§ PROBLEM STATEMENT:
Each entry is to be retyped exactly as it appears, and each image is to be dropped.

§ Dataset items:
○ ○ ○ ○

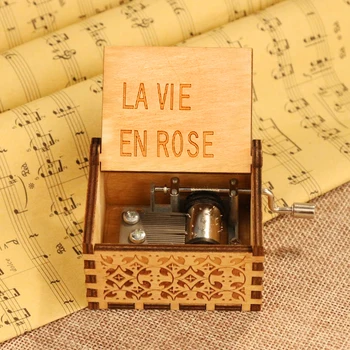 Staroveké Dreva Music Box Vinobranie Ručne Cvok Hudobné Prípade Starožitné Ornament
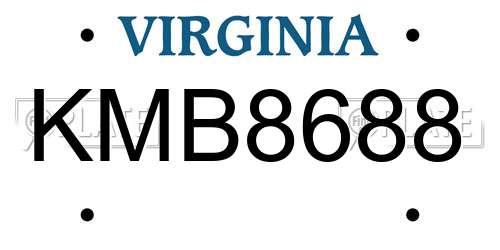 KMB8688 Virginia License Plate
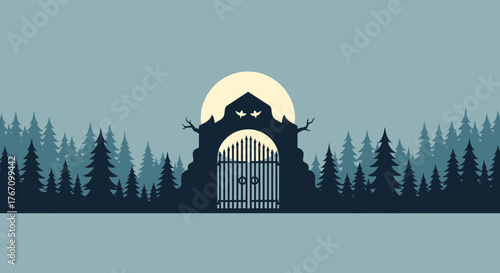 Enchanted forest gate with whimsical silhouette design, evoking mystery and folklore, perfect for fantasy designs or storybook illustrations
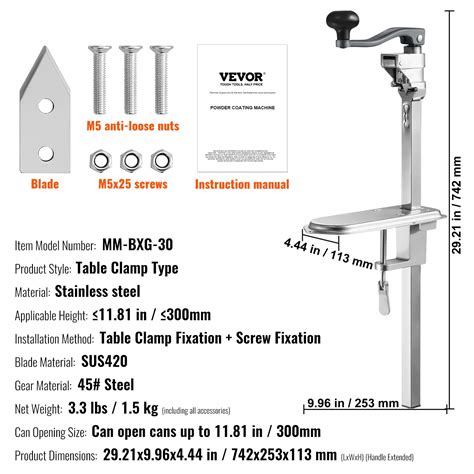 VEVOR Manual Can Opener, Commercial Table Clamp Opener for Large Cans ...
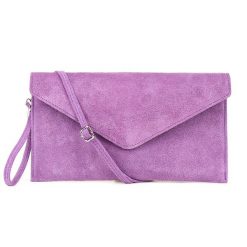 Włoska Kopertówka Skórzana Zamszowa Wieczorowa Fioletowa N12. Fioletowe torebki wieczorowe bez wzorów, z zamszu, eleganckie, bez kołnierzyka, bez ramiączek. Za 99.99 zł.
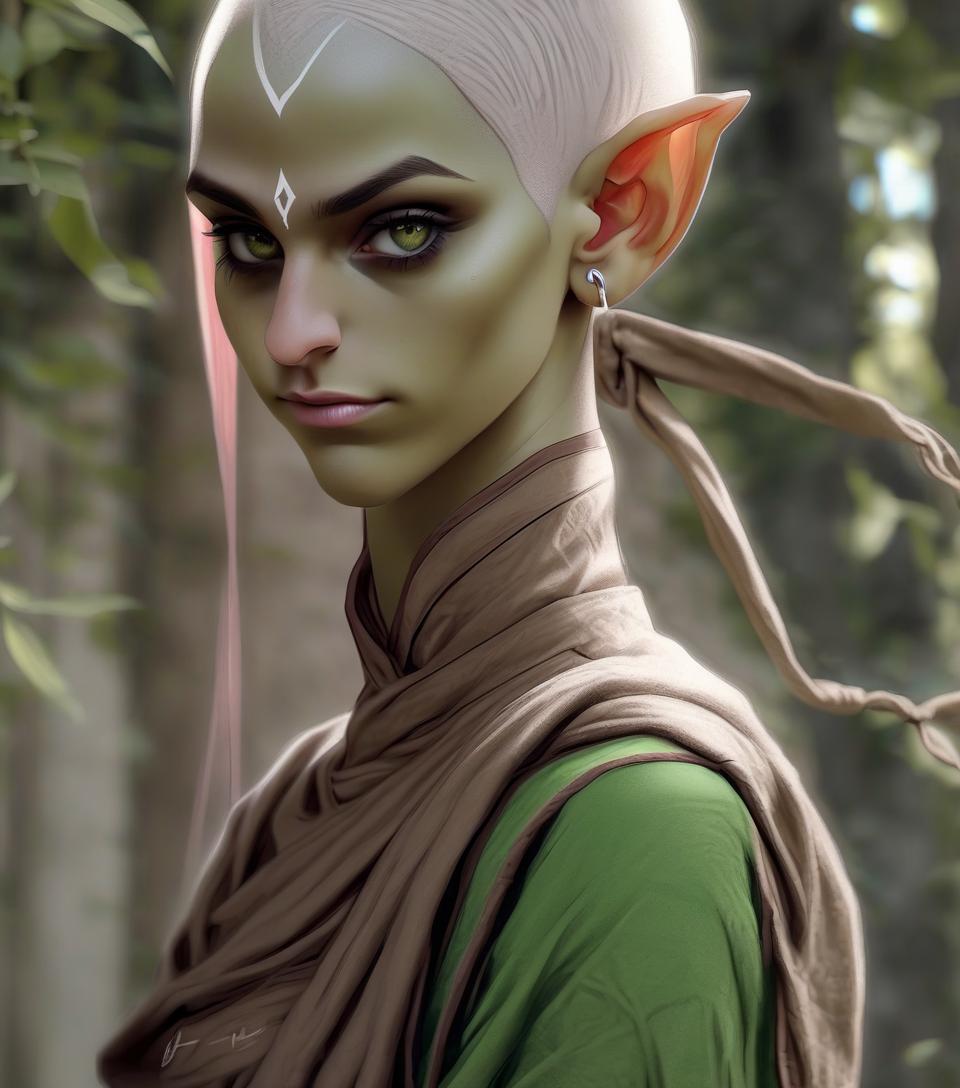  dnd fantasy drawing elf girl monk blind bald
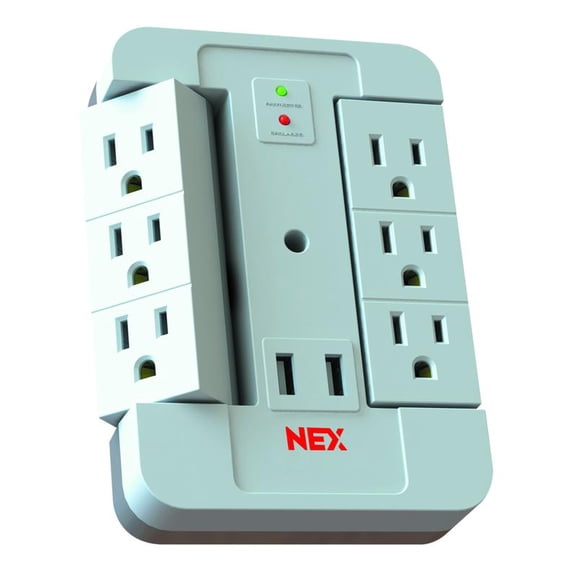 NEXSW62A-W 6 Outlet Swivel Space Saving 2USBA Port Surge Protector Wall Tap, Android, iPad, iPhone, iPod Compatible,900J Joules, 2.4AMP Quick Charge, White Finish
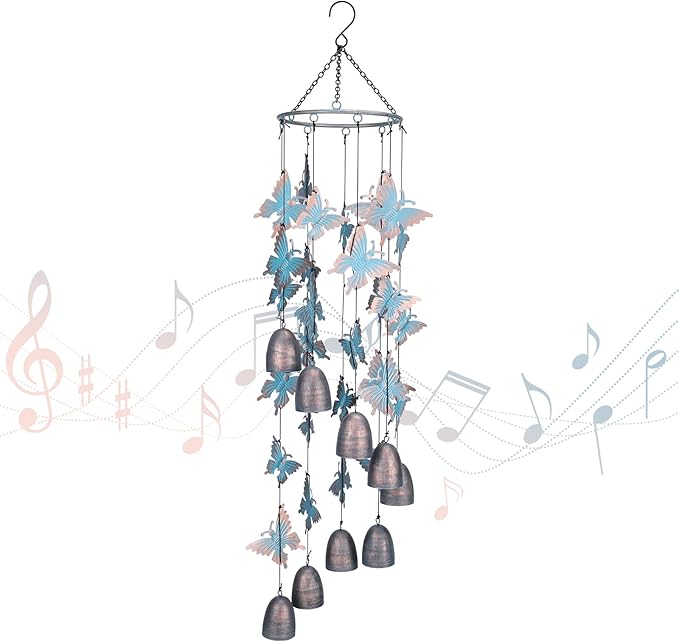 Taman Wind Chime - 30" Butterfly Metal Wind Chimes Valentine's Day Gift for Outside Memorial Sympathy Gift for Home, Outdoor, Yard, Patio,Garden Decor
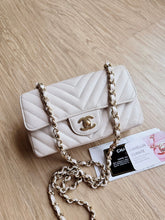 Load image into Gallery viewer, Chanel 18B Ivory Caviar Chevron Mini Rectangle Gold Hw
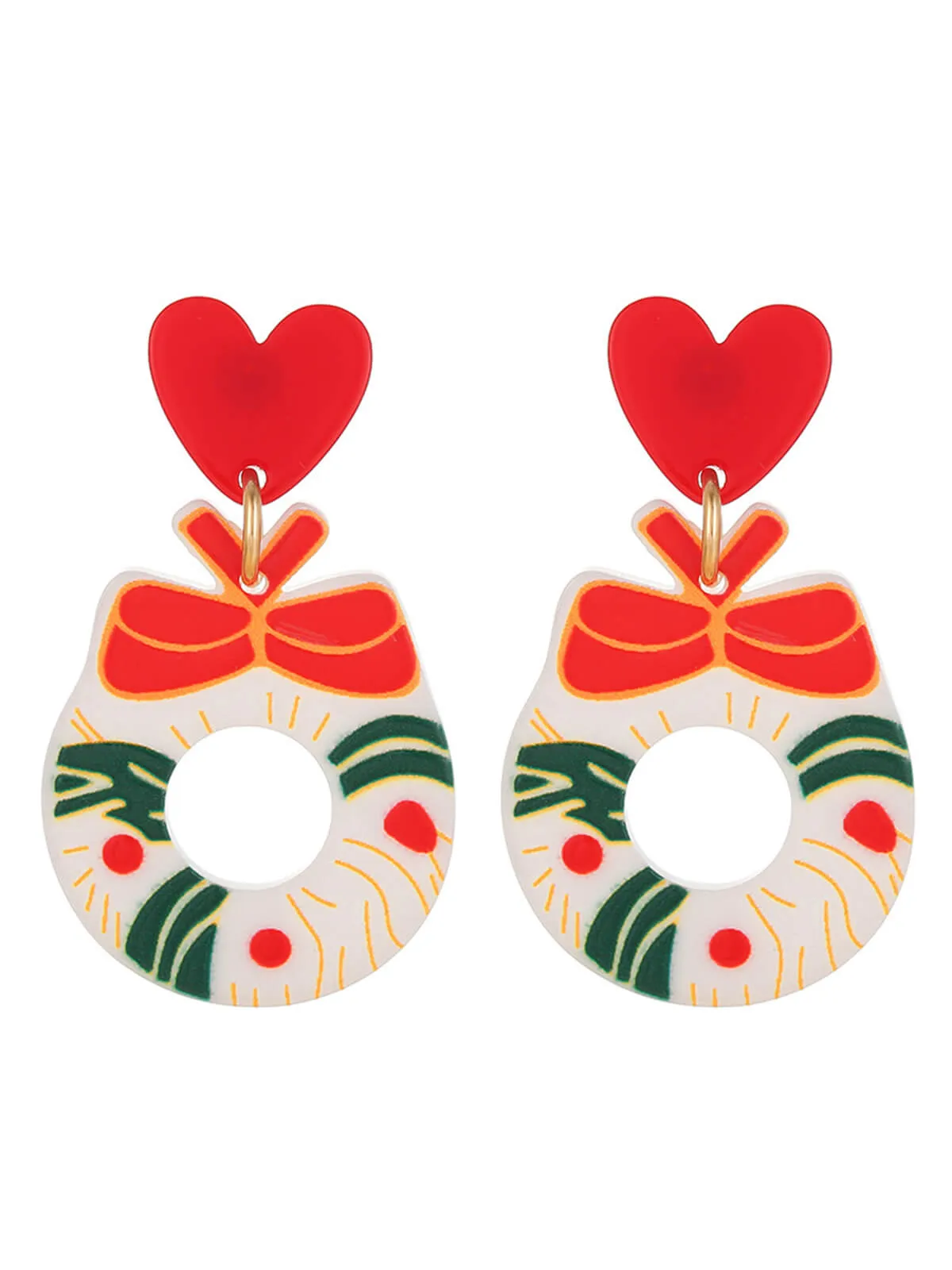Vintage Christmas Elements Heart Stud Earrings sold by Retro Stage product image thumbnail 2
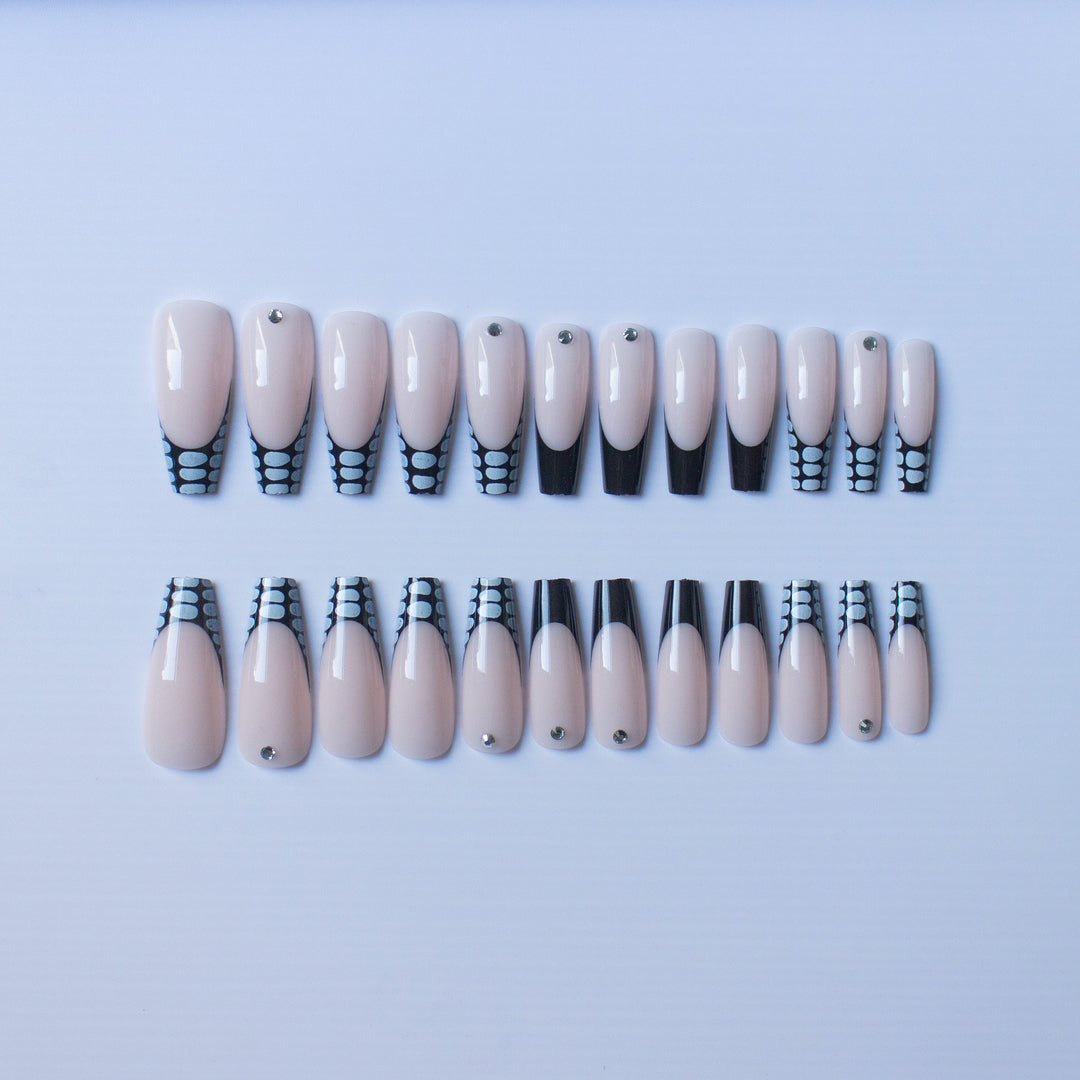 Artistic Acrylic Nail Art Kit with Elegant Dot Designs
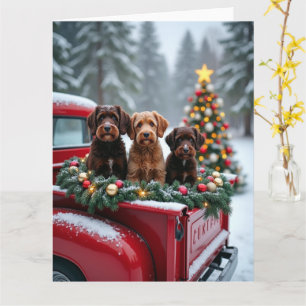 Portuguese Water Dog Christmas Red Truck Holiday Card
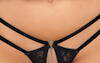 Hebe plus Slip ouvert aus weicher Stretch-Spitze mit Samtdetails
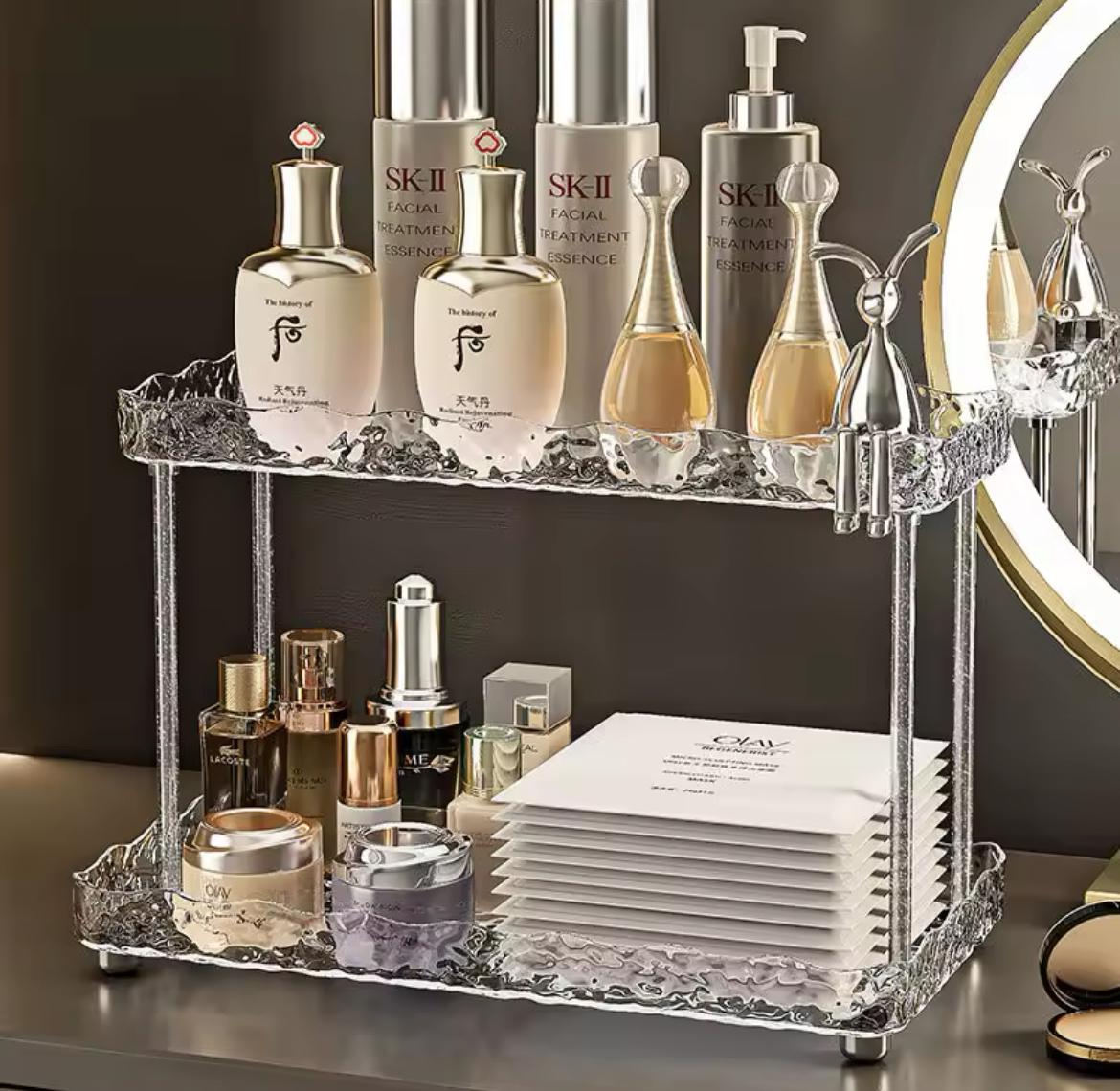 Two tier crystal-like makeup organizer.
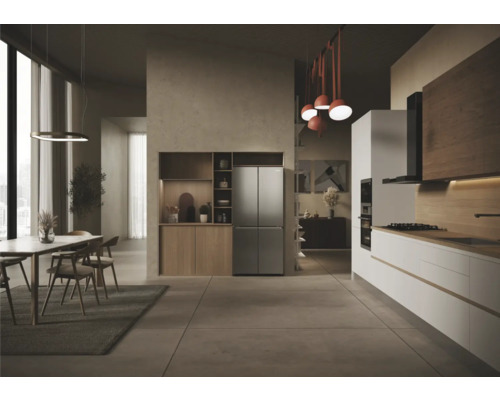 HAIER HCR3818ENMM Multi Door koel-vriescombinatie, BxHxD 83,3 x 181,5 x 65 cm, Koelvak 311 l, Vriesvak 156 l, roestvrij staal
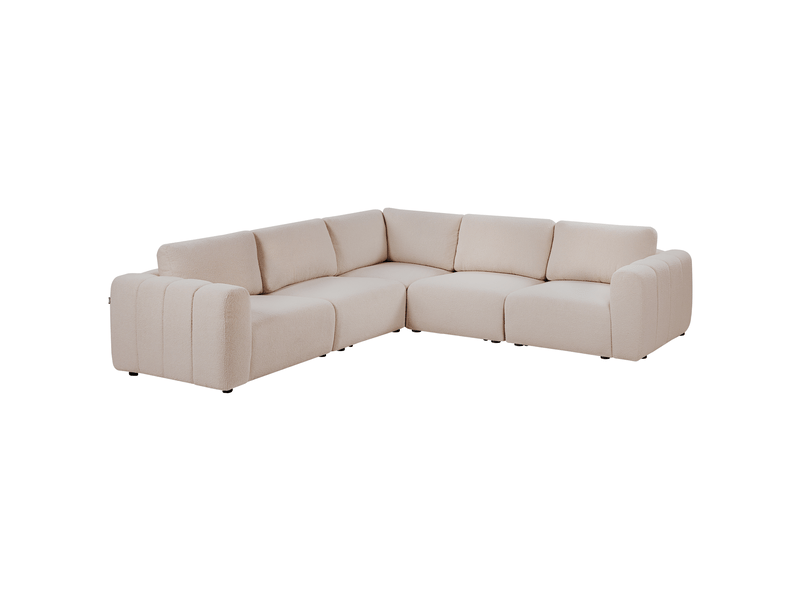 Canapé d'angle modulable 5 places kivvik bouclé beige côté droit  - Conforama E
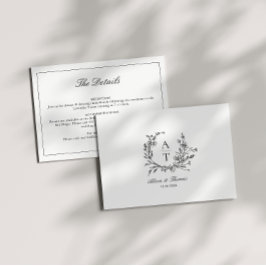 Zwart & Witte Wilde Bloem Monogram Details Kaart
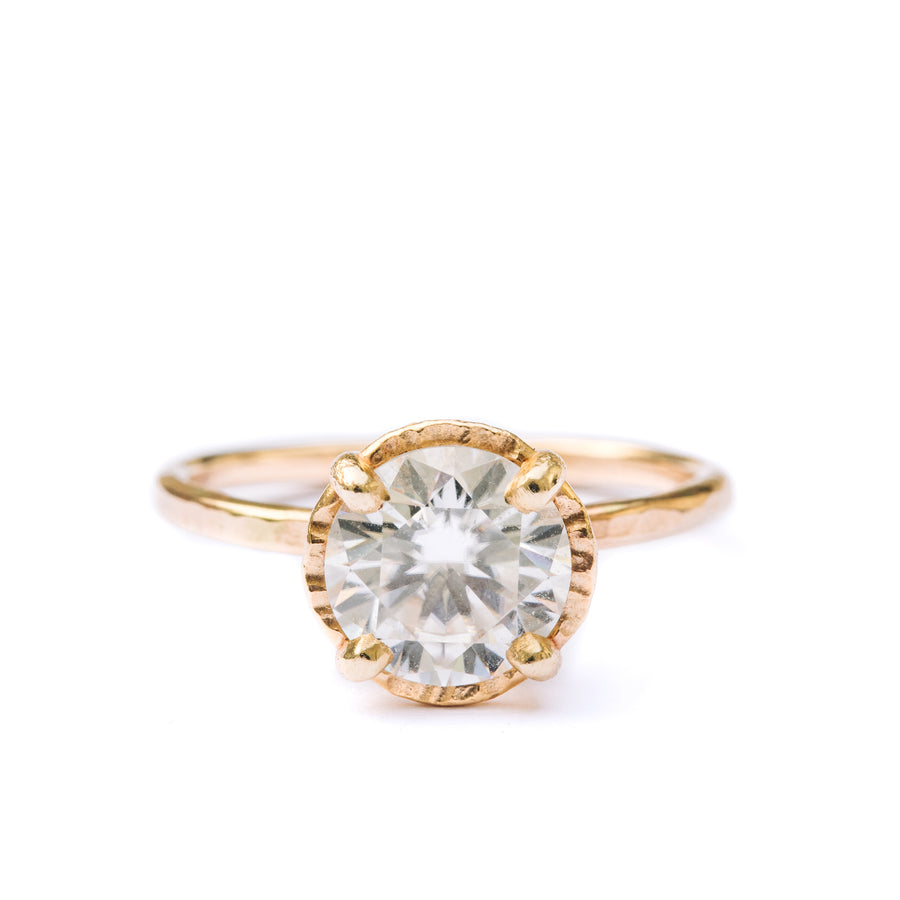 Shine Bright | 2ct Round Moissanite Engagement Ring Hammered Halo 14k Yellow Gold - MTD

○ ○ ○ ○

§ ANSWER AREA:
 Staroveké Dreva Music Box Vinobranie Ručne Cvok Hudobné Prípade Starožitné Ornament
 KMB8688 Virginia License Plate
 Enchanted forest gate with whimsical silhouette design, evoking mystery and folklore, perfect for fantasy designs or storybook illustrations
 VEVOR Manual Can Opener, Commercial Table Clamp Opener for Large Cans ...
 Włoska Kopertówka Skórzana Zamszowa Wieczorowa Fioletowa N12. Fioletowe torebki wieczorowe bez wzorów, z zamszu, eleganckie, bez kołnierzyka, bez ramiączek. Za 99.99 zł.
  dnd fantasy drawing elf girl monk blind bald
 NEXSW62A-W 6 Outlet Swivel Space Saving 2USBA Port Surge Protector Wall Tap, Android, iPad, iPhone, iPod Compatible,900J Joules, 2.4AMP Quick Charge, White Finish
 Taman Wind Chime - 30" Butterfly Metal Wind Chimes Valentine's Day Gift for Outside Memorial Sympathy Gift for Home, Outdoor, Yard, Patio,Garden Decor
 Load image into Gallery viewer, Chanel 18B Ivory Caviar Chevron Mini Rectangle Gold Hw
Vintage Christmas Elements Heart Stud Earrings sold by Retro Stage product image thumbnail 2
 Artistic Acrylic Nail Art Kit with Elegant Dot Designs
 Portuguese Water Dog Christmas Red Truck Holiday Card
 Hebe plus Slip ouvert aus weicher Stretch-Spitze mit Samtdetails
 Two tier crystal-like makeup organizer.
 HAIER HCR3818ENMM Multi Door koel-vriescombinatie, BxHxD 83,3 x 181,5 x 65 cm, Koelvak 311 l, Vriesvak 156 l, roestvrij staal
 Canapé d'angle modulable 5 places kivvik bouclé beige côté droit  - Conforama E
 Zwart & Witte Wilde Bloem Monogram Details Kaart
 Shine Bright | 2ct Round Moissanite Engagement Ring Hammered Halo 14k Yellow Gold - MTD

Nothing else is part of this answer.